On 2016-10-27 23:38, David Kastrup wrote:
The majority tends to be silent.

Minority report out of the silent majority:
I got used to the status quo, which is totally natural once you
internalized the meaning of \voice<Digit>.

Well, walking on your hands is totally natural once you internalized
being upside down.

Also, walking on your hands is easier than standing on them. I'm still waiting for that... ;-)

The problem I have is that all of the the <Digit>s
in \voice<Digit> stop making sense as soon as _one_ <Digit> moves past
Two.

I wouldn't say that it stops making sense at all, but it's a different sense than the one you expect from a musical point of view. So, yes, I get your point.

I agree with you that these names are semantically suboptimal. On the
other hand, I find something like \inner \VoiceUp etc. slightly too
verbose; I'll get used to it, but I can't say I'm too fond of it.

Better proposals welcome.  My first idea was \voiceUpUp but that does
not work since additional voices are inner voices.  And \voiceUpDown and
\voiceUpDownDown would again be rather confusing.  So the idea with
\inner as a modifier.  Replacing \inner \inner with \innermost suffers
from the problem that the innermost level might be either further out or
in.

What about \voiceUp<Digit> and \voiceDown<Digit>? Where the former are counted from top to bottom, and the latter from bottom to top? So the current \voice<n> becomes \voice<n%2 ? Up : Down><ceil(n/2)> ?
Or \<ordinal>FromTop and \<ordinal>FromBottom?

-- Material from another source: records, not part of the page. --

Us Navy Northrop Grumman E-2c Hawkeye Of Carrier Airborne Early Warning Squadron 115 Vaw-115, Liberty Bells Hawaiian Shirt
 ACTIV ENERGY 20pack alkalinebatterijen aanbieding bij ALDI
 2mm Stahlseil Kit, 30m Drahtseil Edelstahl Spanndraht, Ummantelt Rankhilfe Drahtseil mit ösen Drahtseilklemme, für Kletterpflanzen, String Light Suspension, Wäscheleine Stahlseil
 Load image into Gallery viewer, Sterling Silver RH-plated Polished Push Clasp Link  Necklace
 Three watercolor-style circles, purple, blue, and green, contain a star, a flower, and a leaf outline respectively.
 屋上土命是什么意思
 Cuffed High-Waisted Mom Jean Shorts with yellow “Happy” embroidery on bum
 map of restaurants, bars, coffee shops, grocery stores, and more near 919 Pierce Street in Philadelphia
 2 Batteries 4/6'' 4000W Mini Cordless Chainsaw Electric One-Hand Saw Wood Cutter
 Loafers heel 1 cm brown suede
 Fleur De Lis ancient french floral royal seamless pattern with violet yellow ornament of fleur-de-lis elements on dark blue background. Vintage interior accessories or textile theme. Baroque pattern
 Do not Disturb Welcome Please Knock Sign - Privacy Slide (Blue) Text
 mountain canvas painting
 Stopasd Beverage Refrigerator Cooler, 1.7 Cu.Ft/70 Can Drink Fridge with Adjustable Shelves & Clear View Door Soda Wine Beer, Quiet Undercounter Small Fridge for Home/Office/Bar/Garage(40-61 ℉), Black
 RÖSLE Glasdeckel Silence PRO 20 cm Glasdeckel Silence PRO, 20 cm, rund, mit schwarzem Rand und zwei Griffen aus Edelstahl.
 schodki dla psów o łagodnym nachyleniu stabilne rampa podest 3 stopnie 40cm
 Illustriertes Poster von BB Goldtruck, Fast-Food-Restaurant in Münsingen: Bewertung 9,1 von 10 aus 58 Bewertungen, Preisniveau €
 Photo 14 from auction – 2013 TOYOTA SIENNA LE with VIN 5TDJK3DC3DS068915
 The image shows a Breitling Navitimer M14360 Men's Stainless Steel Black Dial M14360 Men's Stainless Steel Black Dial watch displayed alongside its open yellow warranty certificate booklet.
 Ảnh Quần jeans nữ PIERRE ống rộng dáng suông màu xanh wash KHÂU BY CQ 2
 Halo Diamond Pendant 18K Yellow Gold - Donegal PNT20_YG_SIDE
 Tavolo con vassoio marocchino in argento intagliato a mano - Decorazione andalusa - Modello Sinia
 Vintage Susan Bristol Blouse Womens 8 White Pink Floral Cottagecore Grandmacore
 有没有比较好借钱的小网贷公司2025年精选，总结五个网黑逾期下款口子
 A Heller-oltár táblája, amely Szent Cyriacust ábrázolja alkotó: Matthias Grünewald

I am a radical conservative: I want to keep everything the way it should
have been from the start.

If that's the goal: I again agree with you that top-to-bottom makes
the most sense IMHO; but either the << ... \\ ... \\ ... >> just
assigns names, not styles, or you should also think about some
syntactic sugar to specify the boundary between "up" and "down"
voices. Something like
  <<
    topmost \\ 2nd from top
    \\\ % note the three backslashes
    topmost stem-down \\ middle stem-down \\ bottom stem-down
  >>
which would translate to << 1 \\ 3 \\ 6 \\ 4 \\ 2 >>...

So does

<< topmost \\ 2nd from top
   \\ { \inner \inner \voiceDown topmost stem-down }
   \\ middle stem-down \\ bottom stem-down


Basically you need to only fix those voices not obeying the standard
scheme (usually just one) and the rest will work out.  So I don't really
think that a special syntax is needed.

True. But isn't the point of this shortcut notation that it saves you the trouble of specifying those directions and voice names on your own? - Coincidentally, that's why I hardly ever use it: I tend to get lost with the automatic assignment and prefer more (manual) verbosity here, but I'm mostly setting vocal music where I need to assign lyrics and stuff later.